> _Work order_: Your task is to extract the lines from the one holding "Rats Get Fat Font preview 2" through the end of the material. Set them down exactly and add nothing.

- - -

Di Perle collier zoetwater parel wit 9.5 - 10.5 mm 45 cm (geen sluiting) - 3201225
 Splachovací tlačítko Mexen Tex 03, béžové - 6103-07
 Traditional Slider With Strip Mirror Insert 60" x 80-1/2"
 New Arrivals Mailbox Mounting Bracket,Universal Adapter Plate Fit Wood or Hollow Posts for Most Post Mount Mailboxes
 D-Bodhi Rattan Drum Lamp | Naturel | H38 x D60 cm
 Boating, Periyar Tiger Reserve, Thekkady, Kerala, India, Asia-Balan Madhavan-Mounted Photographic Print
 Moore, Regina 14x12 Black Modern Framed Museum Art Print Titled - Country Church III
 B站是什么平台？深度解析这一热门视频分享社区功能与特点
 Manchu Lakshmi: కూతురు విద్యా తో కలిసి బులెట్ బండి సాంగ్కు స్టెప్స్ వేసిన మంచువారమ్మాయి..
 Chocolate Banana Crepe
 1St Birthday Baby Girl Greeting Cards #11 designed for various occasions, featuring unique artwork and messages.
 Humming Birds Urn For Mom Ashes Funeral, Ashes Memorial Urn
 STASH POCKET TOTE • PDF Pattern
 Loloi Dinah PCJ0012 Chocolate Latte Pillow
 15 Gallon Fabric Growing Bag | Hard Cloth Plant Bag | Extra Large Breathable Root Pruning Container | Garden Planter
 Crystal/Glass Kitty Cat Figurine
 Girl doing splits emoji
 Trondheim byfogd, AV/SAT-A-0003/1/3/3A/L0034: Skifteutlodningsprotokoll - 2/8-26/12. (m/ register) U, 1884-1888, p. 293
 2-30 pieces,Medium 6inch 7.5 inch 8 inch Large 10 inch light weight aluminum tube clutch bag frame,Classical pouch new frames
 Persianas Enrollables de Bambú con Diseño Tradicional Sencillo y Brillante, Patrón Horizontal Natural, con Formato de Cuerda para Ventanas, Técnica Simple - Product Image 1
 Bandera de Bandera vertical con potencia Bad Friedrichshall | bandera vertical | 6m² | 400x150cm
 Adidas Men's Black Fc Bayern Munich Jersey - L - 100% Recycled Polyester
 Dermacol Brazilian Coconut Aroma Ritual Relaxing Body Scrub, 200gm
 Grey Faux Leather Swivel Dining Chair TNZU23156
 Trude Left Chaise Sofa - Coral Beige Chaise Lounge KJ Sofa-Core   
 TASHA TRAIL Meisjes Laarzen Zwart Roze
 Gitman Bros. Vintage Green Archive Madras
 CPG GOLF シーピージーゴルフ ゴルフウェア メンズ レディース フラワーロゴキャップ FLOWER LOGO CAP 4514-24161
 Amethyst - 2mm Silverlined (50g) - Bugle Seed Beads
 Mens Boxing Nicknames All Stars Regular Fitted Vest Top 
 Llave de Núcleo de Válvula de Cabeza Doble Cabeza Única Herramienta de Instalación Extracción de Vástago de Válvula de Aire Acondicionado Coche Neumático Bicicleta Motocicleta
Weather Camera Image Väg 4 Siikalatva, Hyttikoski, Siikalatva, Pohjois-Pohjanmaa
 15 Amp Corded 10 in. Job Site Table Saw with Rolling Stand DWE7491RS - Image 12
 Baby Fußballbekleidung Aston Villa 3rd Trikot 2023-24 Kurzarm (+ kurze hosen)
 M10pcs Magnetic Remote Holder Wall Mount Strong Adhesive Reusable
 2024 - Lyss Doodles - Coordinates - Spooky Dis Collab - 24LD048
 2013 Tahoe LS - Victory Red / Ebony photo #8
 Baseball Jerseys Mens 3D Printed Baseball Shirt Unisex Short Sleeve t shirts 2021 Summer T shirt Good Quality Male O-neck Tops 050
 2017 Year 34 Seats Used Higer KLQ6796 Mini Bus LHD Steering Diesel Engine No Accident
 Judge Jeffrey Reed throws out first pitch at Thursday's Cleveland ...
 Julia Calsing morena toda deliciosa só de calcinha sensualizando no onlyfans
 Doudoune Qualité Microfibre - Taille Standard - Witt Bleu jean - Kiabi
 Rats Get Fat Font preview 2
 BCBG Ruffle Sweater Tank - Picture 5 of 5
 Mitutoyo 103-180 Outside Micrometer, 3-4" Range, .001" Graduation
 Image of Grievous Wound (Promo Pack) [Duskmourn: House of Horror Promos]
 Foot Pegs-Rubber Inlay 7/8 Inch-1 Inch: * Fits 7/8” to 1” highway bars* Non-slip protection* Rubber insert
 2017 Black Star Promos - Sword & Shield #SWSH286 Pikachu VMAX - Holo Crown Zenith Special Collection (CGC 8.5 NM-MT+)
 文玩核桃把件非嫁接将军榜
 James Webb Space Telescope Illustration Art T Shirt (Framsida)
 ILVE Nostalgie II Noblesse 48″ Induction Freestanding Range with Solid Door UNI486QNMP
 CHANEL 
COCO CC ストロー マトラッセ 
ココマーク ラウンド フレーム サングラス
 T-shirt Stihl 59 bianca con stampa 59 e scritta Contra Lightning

- - -

> _Final answer_:
 Rats Get Fat Font preview 2
 BCBG Ruffle Sweater Tank - Picture 5 of 5
 Mitutoyo 103-180 Outside Micrometer, 3-4" Range, .001" Graduation
 Image of Grievous Wound (Promo Pack) [Duskmourn: House of Horror Promos]
 Foot Pegs-Rubber Inlay 7/8 Inch-1 Inch: * Fits 7/8” to 1” highway bars* Non-slip protection* Rubber insert
 2017 Black Star Promos - Sword & Shield #SWSH286 Pikachu VMAX - Holo Crown Zenith Special Collection (CGC 8.5 NM-MT+)
 文玩核桃把件非嫁接将军榜
 James Webb Space Telescope Illustration Art T Shirt (Framsida)
 ILVE Nostalgie II Noblesse 48″ Induction Freestanding Range with Solid Door UNI486QNMP
 CHANEL 
COCO CC ストロー マトラッセ 
ココマーク ラウンド フレーム サングラス
 T-shirt Stihl 59 bianca con stampa 59 e scritta Contra Lightning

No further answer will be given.